Guidelines are a means of recommendations through which experts share their clinical insights on existing information. There needs to be a carefully selected enteral formulation which should be handed out with caution. The amount of enteral nutrition to be fed to a patient is determined on the basis of the nature of the disease. This dosage needs to be carefully monitored and the reactions should be thoroughly recorded for an effective impact. Dr. Todi explains various usages and grades with the help of colour codes in terms of ‘should do’ (green), ‘may be done’ (amber) and ‘should not be done’ (red).
Guidelines are used for the review and analysis of the pertinent availability of current literature by a team of experts and blend of expert’s opinion and clinical practicality. Practice guidelines are not intended as absolute requirements. The use of the practice guidelines does not, in anyway, project or guarantee any specific benefit in outcome or survival. The judgment of the healthcare professional based on individual circumstances of the patient must always take precedence over the recommendations in these guidelines. Heterogeneous population, elective surgery, trauma, burn, transplant, sepsis etc. are also limitations. Changing standard of care glucose control, hypoalimentation, reduced line sepsis should also be included.

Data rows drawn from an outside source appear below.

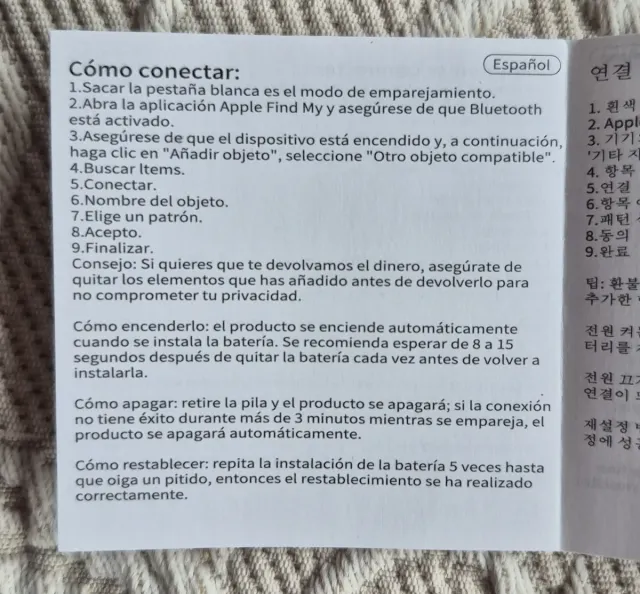 Localizador GPS para Apple sin suscripcion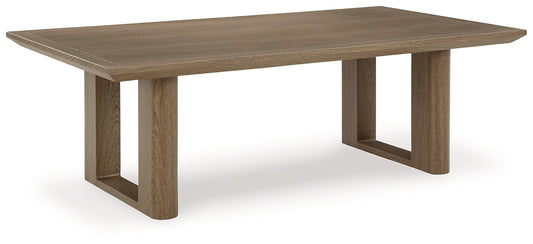 Ashley Express - Serene Bay Rectangular Cocktail Table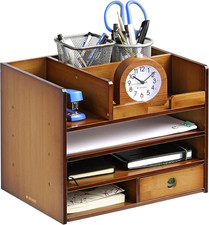 Desk Organizer Porta Oggetti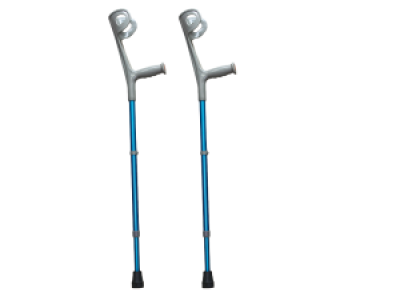 Loopkrukken standaard blauw Drive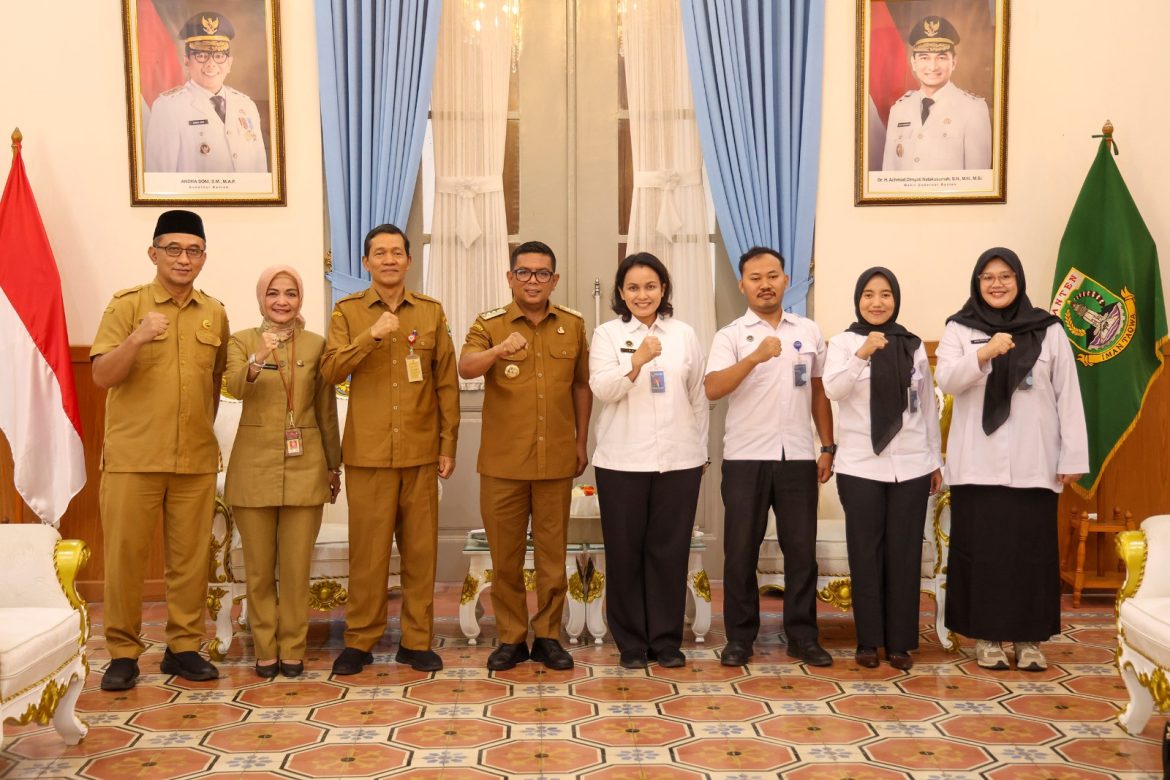 Gubernur Andra Soni Tegaskan Komitmen Pemprov Banten Dukung Program Makan Bergizi Gratis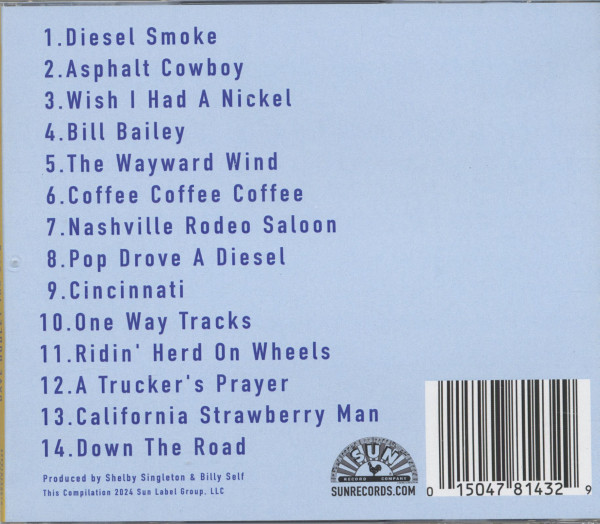 The Original Trucker (CD)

All patients who are not expected to be on a full oral diet within 3 days should receive EN, if they have a functioning gut. In patients with functioning gut, enteral feeding is preferred over parenteral. In the setting of hemodynamic compromise (patients requiring significant hemodynamic support, including high-dose catecholamine agents, alone or in combination with large volume fluid or blood product resuscitation to maintain cellular perfusion), EN should be withheld until the patient is fully resuscitated and/or stable. If early EN is not feasible or available over the first 7 days following admission to the ICU, no nutrition support therapy (standard therapy) should be provided. Enteral feeding should be started early within the first 24-48 hours following admission. The feedings should be advanced towards goal over the next 48-72 hours. The target goal of EN (defined by energy requirements) should be determined and clearly identified at the time of initiation of nutrition support therapy (SCCM/ASPEN). During the acute and initial phase of critical illness, an exogenous energy supply in excess of 20-25 kcal/kg BW/day may be associated with a less favorable outcome. During recovery (anabolic flow phase), the aim should be to provide 25-30 total kcal/kg BW/day.
Critically ill patients should be fed via an enteral access tube placed in the small bowel if at high risk for aspiration or after showing intolerance to gastric feeding. In units where obtaining small bowel access is feasible, the Canadians recommend the routine use of small bowel feedings. Either gastric or small bowel feeding is acceptable in the ICU setting (SCCM). In adjunctive therapy administration of probiotic agents has been shown to improve outcome (most consistently by decreasing infection) in specific critically ill patient populations involving transplantation, major abdominal surgery, and severe trauma. No recommendation can currently be made for use of probiotics in the general ICU population because of a lack of consistent outcome effect.